Reduced-order models (ROMs) are commonly used to reduce the complexity of large-scale fluid dynamics problems. The main technique to obtain their basis is proper orthogonal decomposition (POD), where an energy-based basis is obtained. Such a basis is derived without considering the governing equations. Moreover, if the flow dynamics are not energy-dominated, the resulting POD-ROM can be biased towards that quantity and not represent the case properly.

In this project, a constrained goal-oriented reduced-order modeling (GOROM) technique that optimizes the modes of POD-ROMs is applied to wall-bounded flows. Its semi-continuous formulation allows great flexibility in treating non-linear problems with discrete reference datasets and complex goal functionals, and since the model constraint is considered in the optimization, the output model has a more complete physical interpretation.

Two cases are considered. First, a 1D Burgers equation forced with data from a turbulent channel flow is studied. Different ROM sizes and goal functionals are tested and compared to the reference data statistics. After that, a 3D transitional channel is studied, with a reference dataset that is generated using an initial condition that experiences transient growth. In this case, the ROM size is fixed and the goal functionals used are related to this phenomenon.
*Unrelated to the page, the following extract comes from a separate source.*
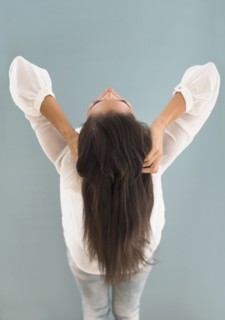 Hispanic woman with long hair leaning back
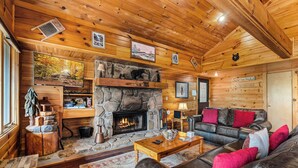 A cozy cabin interior with a stone fireplace, wooden walls, a leather sofa, and a dining area. - Dancing in the Moonlight is the Perfect Romantic Getaway (GATLINBURG)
The results for the Burgers case show the superiority of the GOROM compared to a POD-ROM. They also depend on the initial guess for the optimization modes, and it is shown how the choice of the goal functional influences the behavior of the solution. After that, the transitional channel highlights the influence of truncation on transient growth problems and shows the model constraint improves the growth prediction significantly. Finally, the use of dedicated goal functionals is shown to improve the prediction of relevant quantities such as the production of kinetic energy.